Here, in GRPO, the advantage is computed without the KL term. It's just the output of the reward function, normalised per group:

trl/trl/trainer/grpo_trainer.py

Lines 274 to 281 in 949db23

    
           # Compute grouped-wise rewards 
        
           mean_grouped_rewards = rewards.view(-1, self.num_generations).mean(dim=1) 
        
           std_grouped_rewards = rewards.view(-1, self.num_generations).std(dim=1) 
        
           # Normalize the rewards to compute the advantages 
        
           mean_grouped_rewards = mean_grouped_rewards.repeat_interleave(self.num_generations, dim=0) 
        
           std_grouped_rewards = std_grouped_rewards.repeat_interleave(self.num_generations, dim=0) 
        
           advantages = (rewards - mean_grouped_rewards) / (std_grouped_rewards + 1e-4)

and later you subtract the KL term

trl/trl/trainer/grpo_trainer.py

Line 285 in 949db23

per_token_loss = -(advantages - self.beta * per_token_kl)

I don't know how complicated it would have been to integrate KL into the reward. It would probably look something like

# Subtract KL
rewards  = rewards - self.beta * per_token_kl  # <- THIS IS ADDED

# Compute grouped-wise rewards
mean_grouped_rewards = rewards.view(-1, self.num_generations).mean(dim=1)
std_grouped_rewards = rewards.view(-1, self.num_generations).std(dim=1)

# Normalize the rewards to compute the advantages
mean_grouped_rewards = mean_grouped_rewards.repeat_interleave(self.num_generations, dim=0)
std_grouped_rewards = std_grouped_rewards.repeat_interleave(self.num_generations, dim=0)
advantages = (rewards - mean_grouped_rewards) / (std_grouped_rewards + 1e-4)

# x - x.detach() allows for preserving gradients from x
advantages = torch.exp(per_token_logps - per_token_logps.detach()) * advantages.unsqueeze(1)
per_token_loss = -advantages  # <- THIS IS MODIFIED

which seems pretty simple. But perhaps they means that the subsequent equations and calculations would have been more complicated.

qgallouedec · 2025-01-23T13:21:02Z

Did any thought go into making this a sum of loss and not mean? We aren’t sure

No. What is the underlying intuition? Something like this?

loss = ((per_token_loss * completion_mask).sum(dim=1)).mean()

qgallouedec · 2025-01-23T13:42:52Z

I didn’t see the PPO clipping logic in policy gradient loss, coming soon?

In the current implementation, we're just update once after a generation.

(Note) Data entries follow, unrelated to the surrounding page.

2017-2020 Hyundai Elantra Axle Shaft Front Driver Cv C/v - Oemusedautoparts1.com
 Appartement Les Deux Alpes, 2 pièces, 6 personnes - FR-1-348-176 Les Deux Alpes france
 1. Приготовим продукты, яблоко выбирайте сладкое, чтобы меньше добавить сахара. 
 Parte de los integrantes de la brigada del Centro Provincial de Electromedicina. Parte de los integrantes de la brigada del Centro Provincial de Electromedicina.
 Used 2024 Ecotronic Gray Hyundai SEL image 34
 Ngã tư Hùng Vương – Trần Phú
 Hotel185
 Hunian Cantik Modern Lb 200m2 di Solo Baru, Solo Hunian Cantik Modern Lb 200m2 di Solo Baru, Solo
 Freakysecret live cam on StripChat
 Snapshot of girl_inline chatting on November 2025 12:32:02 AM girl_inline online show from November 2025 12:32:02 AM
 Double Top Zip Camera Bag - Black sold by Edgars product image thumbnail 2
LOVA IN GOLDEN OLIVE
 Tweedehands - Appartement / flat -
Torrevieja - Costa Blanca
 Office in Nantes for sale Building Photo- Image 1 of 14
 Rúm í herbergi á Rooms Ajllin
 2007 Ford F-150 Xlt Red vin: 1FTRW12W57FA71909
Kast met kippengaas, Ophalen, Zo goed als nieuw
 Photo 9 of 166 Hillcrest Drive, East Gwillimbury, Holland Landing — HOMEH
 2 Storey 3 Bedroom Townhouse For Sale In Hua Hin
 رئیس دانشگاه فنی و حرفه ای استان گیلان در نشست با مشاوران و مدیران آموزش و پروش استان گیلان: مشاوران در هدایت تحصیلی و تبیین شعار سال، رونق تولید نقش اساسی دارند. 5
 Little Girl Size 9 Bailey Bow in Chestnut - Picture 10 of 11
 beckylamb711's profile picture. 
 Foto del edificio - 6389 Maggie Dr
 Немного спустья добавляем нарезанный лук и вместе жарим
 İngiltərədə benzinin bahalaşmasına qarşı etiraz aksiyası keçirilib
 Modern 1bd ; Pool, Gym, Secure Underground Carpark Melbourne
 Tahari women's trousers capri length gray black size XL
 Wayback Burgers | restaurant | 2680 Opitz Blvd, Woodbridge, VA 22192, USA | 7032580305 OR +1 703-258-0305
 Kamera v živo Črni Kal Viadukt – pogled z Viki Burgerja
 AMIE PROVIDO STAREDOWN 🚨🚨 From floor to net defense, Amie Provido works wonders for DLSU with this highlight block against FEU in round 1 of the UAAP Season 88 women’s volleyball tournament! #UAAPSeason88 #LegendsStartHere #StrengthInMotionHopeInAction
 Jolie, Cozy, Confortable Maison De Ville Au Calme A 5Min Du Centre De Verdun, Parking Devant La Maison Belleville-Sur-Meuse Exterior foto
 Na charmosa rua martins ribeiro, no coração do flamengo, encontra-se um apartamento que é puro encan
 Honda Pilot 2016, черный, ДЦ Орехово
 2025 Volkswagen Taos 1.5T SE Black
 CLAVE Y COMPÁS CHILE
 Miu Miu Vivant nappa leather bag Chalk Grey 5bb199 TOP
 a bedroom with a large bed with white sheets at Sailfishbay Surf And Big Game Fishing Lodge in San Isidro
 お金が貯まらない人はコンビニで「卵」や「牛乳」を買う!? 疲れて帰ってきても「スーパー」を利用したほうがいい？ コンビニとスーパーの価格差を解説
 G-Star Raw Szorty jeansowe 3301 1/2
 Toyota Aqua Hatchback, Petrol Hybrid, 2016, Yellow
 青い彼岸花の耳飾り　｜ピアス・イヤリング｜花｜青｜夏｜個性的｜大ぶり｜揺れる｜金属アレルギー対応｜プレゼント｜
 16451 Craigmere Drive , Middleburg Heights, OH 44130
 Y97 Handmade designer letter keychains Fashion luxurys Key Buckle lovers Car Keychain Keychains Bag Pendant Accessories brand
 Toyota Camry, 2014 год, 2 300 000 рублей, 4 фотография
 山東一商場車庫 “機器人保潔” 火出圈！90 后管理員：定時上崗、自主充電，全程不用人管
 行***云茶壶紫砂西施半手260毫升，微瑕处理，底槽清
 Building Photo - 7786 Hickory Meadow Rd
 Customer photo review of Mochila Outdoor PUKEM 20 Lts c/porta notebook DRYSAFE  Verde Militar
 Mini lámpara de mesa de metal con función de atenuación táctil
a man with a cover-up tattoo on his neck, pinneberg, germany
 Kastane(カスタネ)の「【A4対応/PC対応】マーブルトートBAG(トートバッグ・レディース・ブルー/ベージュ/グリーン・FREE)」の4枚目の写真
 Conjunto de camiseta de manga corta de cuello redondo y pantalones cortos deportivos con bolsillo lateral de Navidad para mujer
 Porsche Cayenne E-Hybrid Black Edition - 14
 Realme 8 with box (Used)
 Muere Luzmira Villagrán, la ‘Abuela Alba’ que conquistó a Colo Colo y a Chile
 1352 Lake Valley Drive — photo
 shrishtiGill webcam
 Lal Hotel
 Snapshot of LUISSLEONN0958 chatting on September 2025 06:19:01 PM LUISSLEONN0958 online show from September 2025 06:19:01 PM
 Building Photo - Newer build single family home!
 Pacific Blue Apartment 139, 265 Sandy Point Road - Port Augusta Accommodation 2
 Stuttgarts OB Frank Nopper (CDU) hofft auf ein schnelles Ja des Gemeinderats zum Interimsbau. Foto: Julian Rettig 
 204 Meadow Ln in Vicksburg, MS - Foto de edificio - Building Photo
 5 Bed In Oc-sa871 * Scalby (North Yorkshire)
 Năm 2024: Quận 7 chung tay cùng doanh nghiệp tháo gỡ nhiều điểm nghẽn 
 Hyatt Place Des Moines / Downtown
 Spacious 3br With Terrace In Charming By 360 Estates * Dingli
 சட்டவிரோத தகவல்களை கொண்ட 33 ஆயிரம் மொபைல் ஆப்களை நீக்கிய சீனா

In fact, we align with this sentence from the paper:

The policy model only has a single update following each exploration stage.

Therefore It implies that $\pi_{\theta_{\text{old}}} = \pi_\theta$, and the equation

$$\mathcal{J}_{\text{GRPO}}(\theta) =\frac{1}{G} \sum_{i=1}^G \frac{1}{|o_i|}\sum_{t=1}^{|o_i|}\left[\min \left(\frac{\pi_\theta(o_{i,t} | q, o_{i,< t})}{\pi_{\theta_{\text{old}}}(o_{i,t} | q, o_{i,< t})} \hat{A}_{i,t}, \text{clip}\left(\frac{\pi_\theta(o_{i,t} | q, o_{i,< t})}{\pi_{\theta_{\text{old}}}(o_{i,t} | q, o_{i,< t})}, 1 - \epsilon, 1 + \epsilon\right) \hat{A}_{i,t}\right) - \beta \mathbb{D}_{\text{KL}}\left[\pi_\theta \| \pi_{\text{ref}}\right]\right]$$

can be simplified to

$$\mathcal{J}_{\text{GRPO}}(\theta) = \frac{1}{G} \sum_{i=1}^G \frac{1}{|o_i|} \sum_{t=1}^{|o_i|} \left[ \frac{\pi_\theta(o_{i,t} | q, o_{i,< t})}{\left[\pi_\theta(o_{i,t} | q, o_{i,< t})\right]_\cancel{\nabla}} \hat{A}_{i,t} - \beta \mathbb{D}_{\text{KL}}\left[\pi_\theta \| \pi_{\text{ref}}\right] \right].$$

But, we could support multiple update after each generation. And it would require to have this PPO clipping logic. It would probably allow to reuse generation and be more sample efficient. On the other hand, this would probably require a rather hard-to-read implementation, as the optimization step is performed in the parent trainer class. It would look something like

def __init__(self, ...):
    ...
    self.train_dataset = repeat_interleave(train_dataset, self.num_grpo_iterations)  # [prompt0, prompt1] -> [prompt0, prompt0, prompt0, prompt1, prompt1, prompt1]

def compute_loss(self, model, inputs):
    if self.step % self.num_grpo_iterations == 0: # self.num_grpo_iterations is 𝜇 in the paper
        completions = model.generate(prompts)
        self.old_log_probs = model(cat(prompts, completions))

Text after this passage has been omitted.